In general, surviving longer is wonderful and should be celebrated. Nonetheless, planning for the possibility of surviving well into your 90s or 100s presents a significant financial challenge. The range of 22 to 50 years contains numerous variables, and incorrectly estimating a client’s life expectancy can have negative consequences.
On the one hand, underestimating their life expectancy can cause clients and their families to run out of money, causing significant tension. However, individuals who overestimate their life expectancy engage in a form of self-insurance. They will generally underspend, which can be equally detrimental; as a result, they may feel unfulfilled if they cut back on travel or do not complete items on their bucket list.
Retirees have the right to peace of mind and should use their hard-earned money to pursue their objectives without fear of outliving their funds.
National Pension Scheme (NPS): Unlocking Your Retirement
How prevalent is it for adult children to financially assist their parents?
The Bank of Mom and Dad is a cliched term for parents providing financial assistance to their adult offspring. Rob Carrick, a personal finance columnist, wonders what we name it when children support their parents.

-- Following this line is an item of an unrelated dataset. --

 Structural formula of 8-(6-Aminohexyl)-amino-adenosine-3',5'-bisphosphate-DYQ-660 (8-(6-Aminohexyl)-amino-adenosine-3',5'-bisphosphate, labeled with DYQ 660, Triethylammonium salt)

Carrick is amenable to suggestions on this matter. In the meantime, he wishes to investigate the economics of individuals providing financial assistance to their parents. Below is an anonymous survey for individuals 18 and older. Wait for a comprehensive report on the findings.
The issue of adults sustaining their parents is urgent from a demographic standpoint. The Canadian population is ageing, and life expectancy continues to increase. The 2021 census reveals that the 85-plus age category is one of the fastest-growing age groups. Were these retirees able to save enough during their working years to enjoy a 25-year retirement or longer? Let’s find out.